With FBI in Turmoil, Senate's Russia Probe Could WitherBy
Intelligence panel chief says inquiry was already ‘difficult’
Democrats want Comey to tell Congress status of FBI inquiry
The most prominent congressional investigation into Russian meddling in the U.S. election -- and possible ties to President Donald Trump’s campaign -- faces its toughest test yet after Trump’s firing of FBI Director James Comey.
Senate Intelligence Committee Chairman Richard Burr, a Republican, and Vice Chairman Mark Warner, a Democrat, have sought to present a bipartisan front in the high-pressure probe, and both have said Comey’s FBI was cooperating by providing information to the panel. Now they must start a new relationship with acting FBI Director Andrew McCabe, and later with a new director nominated by Trump and confirmed by the Senate.

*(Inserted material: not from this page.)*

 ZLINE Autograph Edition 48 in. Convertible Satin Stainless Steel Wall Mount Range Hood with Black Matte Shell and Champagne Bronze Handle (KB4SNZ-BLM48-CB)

Both senators also must contend with what’s likely to be an even more poisoned atmosphere in the Capitol with Democrats seeing “Nixonian” signs of a coverup in Comey’s dismissal by Trump on Tuesday. The president has repeatedly rejected the U.S. intelligence community’s conclusion that Russia intervened in the election to help him defeat Democrat Hillary Clinton.

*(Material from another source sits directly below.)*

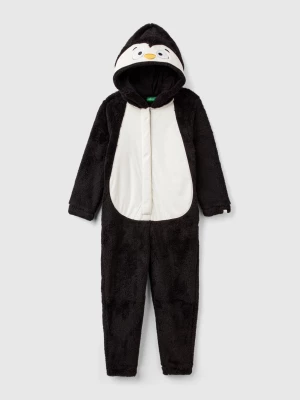 Benetton, Fleece Penguin Onesie, size XS, Black, Kids United Colors of Benetton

“I am troubled by the timing and reasoning of Director Comey’s termination,” Burr of North Carolina said in a statement. “I have found Director Comey to be a public servant of the highest order, and his dismissal further confuses an already difficult investigation by the committee.”
The Senate intelligence panel has a fairly small staff compared with the vast reach of the Trump administration, and it relies on the Federal Bureau of Investigation and the rest of the intelligence community to gather information.
One immediate question is whether Comey will be called before Congress, either in public or behind closed doors, to discuss what he knows about the FBI’s investigation. A number of Democrats, including Warner of Virginia, say he should be summoned to appear.
Warner slammed the firing amid the Russia probe as “deeply troubling.”
“The administration insists there’s no ‘there there,’ yet President Trump has so far fired the acting attorney general, nearly every U.S. attorney, and now the director of the FBI,” Warner said in a statement. “In addition, this president’s choice for attorney general has been forced to recuse himself, and the national security adviser has resigned, as a result of undisclosed contacts with Russian officials.”
Warner and many other Democrats, including Senate Minority Leader Chuck Schumer of New York, insisted that a special prosecutor must be appointed.
“The only way this administration can begin to demonstrate a commitment to the rule of law, which has so far been sorely lacking, is to cooperate fully with the ongoing congressional investigations and to support the appointment of an independent special counsel,” Warner said.
Warner had recently cited progress in getting more raw intelligence from federal agencies, including from the National Security Agency. But earlier Tuesday, he confirmed he was holding up an administration nominee until the intelligence panel receives more information it requested from the Treasury Department.
Asked before Comey’s firing Tuesday if he was prepared to issue subpoenas to get information sought by the committee, Burr said he was prepared to do what it takes to get information to complete the investigation. He said he had no reason to believe the administration wouldn’t fully cooperate.
Burr later went out of his way to praise Comey’s help.
“Director Comey has been more forthcoming with information than any FBI director I can recall in my tenure on the congressional intelligence committees,” Burr said. “His dismissal, I believe, is a loss for the bureau and the nation.”
But Senator Susan Collins, another member of the committee and a moderate Republican, called the firing “likely the inevitable conclusion” of Comey’s decision to bypass protocols and publicly announce his reasons for not recommending charges against Clinton while criticizing her actions in using a private email server while secretary of state.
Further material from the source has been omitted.